Federal support for BTA has been piecemeal to date through a variety of programs including USDA’s Rural Business Development Grants, the Beginning Farmer and Rancher Development Program, the Outreach and Assistance for Socially Disadvantaged and Veteran Farmers and Ranchers Program (the 2501 Program), and others through the Small Business Administration and the Northern Border Regional Commission. With no funding source dedicated specifically to BTA, service providers primarily rely on inconsistent, small, and short-term grants that limit their ability to deliver services and meet growing demand. A robust, dedicated source of federal funding could enhance the capacity of service providers to meet more need and better support the farm and food businesses that bolster rural economies, protect the environment, and stabilize our food system.
Alliance Statement: Climate and Technical Assistance
Regardless of sector, farmers report a significant need for expanded one-on-one business and technical assistance to ensure they can weather the economic storms created by climate impacts. Less than half of farmers from any sector in the studies cited believed they had the business or technical knowledge to implement effective farm adaptation and mitigation strategies and plan their finances accordingly. Access to microloans and capital investments, with one-on-one advising to ensure successful implementation, was listed as a key need for future farming success. If we want to ensure that our farmers in New England and the Hudson Valley not only survive but also thrive in the face of climate change, we must use policy to expand one-on-one advising resources—especially to farmers who have been historically shut out of resources.

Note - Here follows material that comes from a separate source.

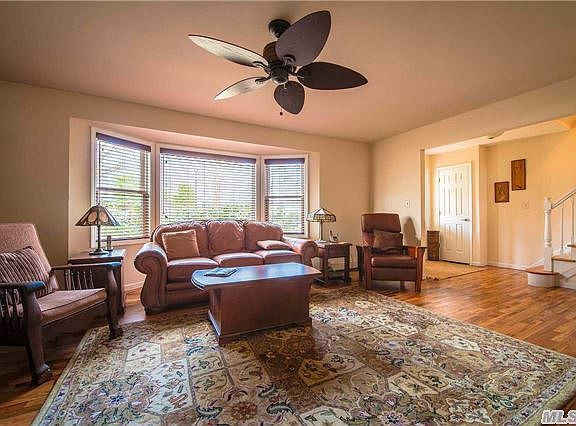 5th image of 8 Russell Dr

2019 State of the Sector Report
In 2019, the Alliance sought to learn more about our sector—specifically, what business development services for farm and food businesses are available in New England and New York’s Hudson Valley, who provides them, and who benefits. We also wanted to learn more about the entities doing the work to better understand how the Alliance can support expansion of one-on-one business technical assistance throughout the region. Our resulting survey received 37 responses from nonprofits, cooperative extensions, state agencies, private consultants, capital providers, and more. Services were provided to small and mid-size family farms, as well as other food enterprises, and these services included feasibility and planning support, marketing, accounting and taxes, legal and estate planning, and access to capital. The availability of specific services, however, varied by stage of business as well as by geography. This report summarizes our findings.
● Business advisors offer a wide range of types of assistance, but many of the available options are not uniformly available across the field or to businesses at every stage.
● Most respondents offer less than 21 total hours of one-on-one business technical assistance to each client in 2018.
● Nearly half of the organizational respondents have an annual budget of $1 million or more; however, among all respondents, most use less than half of their budgets for one-on-one business technical assistance. In fact, 41 percent use less than a quarter of their budgets for this purpose.
● Tracking of demographic information about their clients and program participants varies across respondents and offers an incomplete overall view of clients’ races, ages, incomes, and genders.
● Respondents track a diverse array of outcomes to assess their programs’ and their clients’ successes.